Setting Up Rate Plans
Your company’s pricing manager creates a rate plan as a new customizable product and associates a class with it that defines its attributes. For this customizable product, she wants Payment Type to be the attribute of the parent rate plan so that the attribute is inherited by its subcomponents. She then creates another product as a subcomponent to represent the different usage types and associates it with the same class.
Next, the pricing manager sets up tier pricing for the class, specifying different tiered rates for different attribute combinations. She sets up a price list for her company and for each of the competitors. She adds both the root product and subcomponents as price list items. She associates the tier pricing with the subcomponents.
A month later, the pricing manager receives the latest publication of residential rates for a major competitor, so she updates her data with the most current information for each rate for that competitor.
Next, she realizes that the competitor has introduced a new rate plan into the market. Because her company does not have an equivalent rate, she creates a new rate product for the competitor’s plan and adds it to the competitor's price list.

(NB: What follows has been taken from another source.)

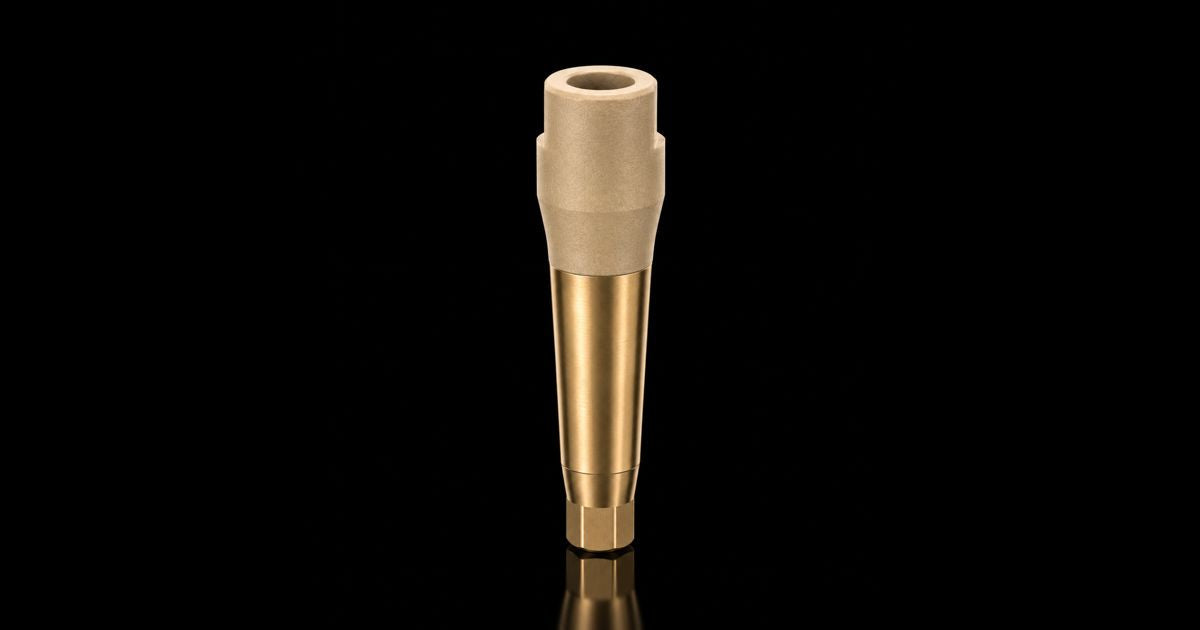 Cuerpo de escaneo TS3 Line titanio PEEK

She can then also model the relevant pricing structure. When a customer service representative or a prospective customer chooses this rate, the comparison reports that there is no equivalent or like-for-like rate plans and returns only those rate plans that match the attributes of the competitor's product or service.
The next rate on her market intelligence gathering list is from a new competitor and therefore not in the database. She sets up a new price list for that competitor, and adds the existing equivalent rate products. She also notes that the rate is offered only within the city limits of Richardson, so she creates a rate structure for which the Region attribute has a value of Richardson.